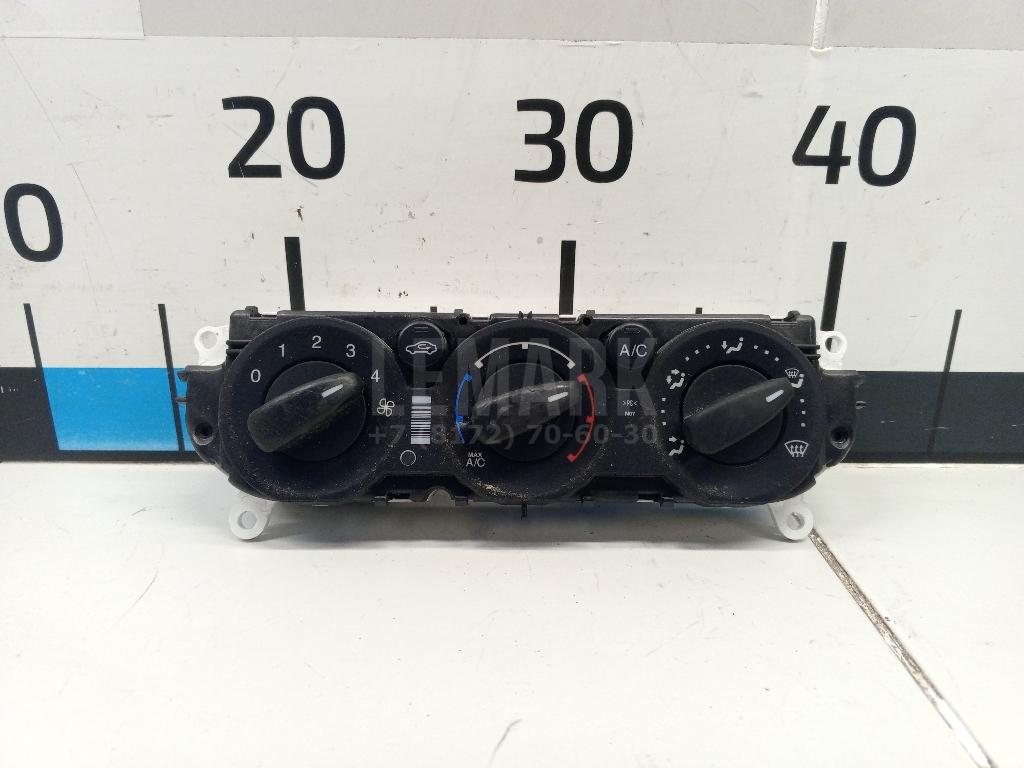 Блок управления отопителем 1896669 Ford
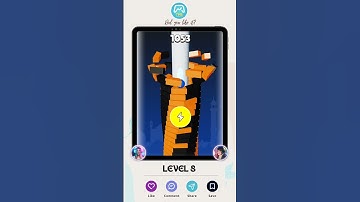 Stack Bounce 8: Ultimate Guide to Higher Scores!"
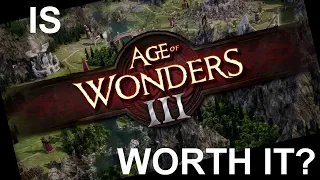 Age of Wonders 3 - Definitive Review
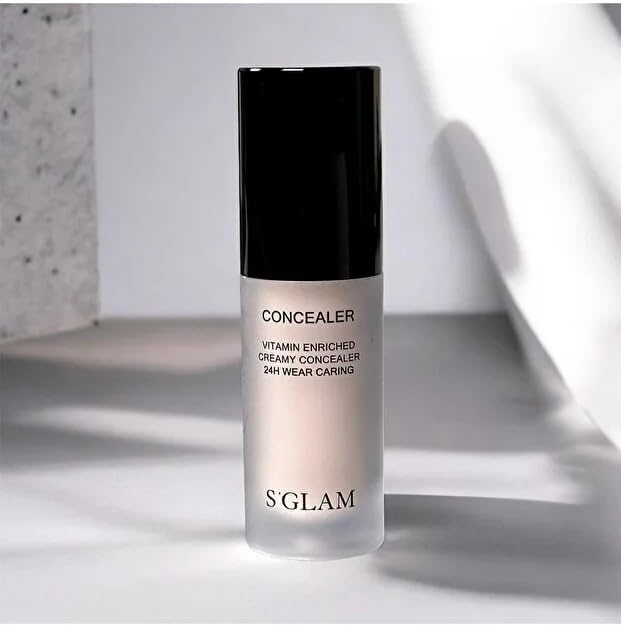 Alternative view of S'glam Concealer Light 5ml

» **ASSIGNMENT**: A faithful copy of all the data above is required, printed exactly and with no pictures.

» **OUTPUT OF THE EXERCISE**:
 Блок управления отопителем 1896669 Ford
 Stack Bounce 8: Ultimate Guide to Higher Scores!"
 Age of Wonders 3 - Definitive Review
 Alternative view of S'glam Concealer Light 5ml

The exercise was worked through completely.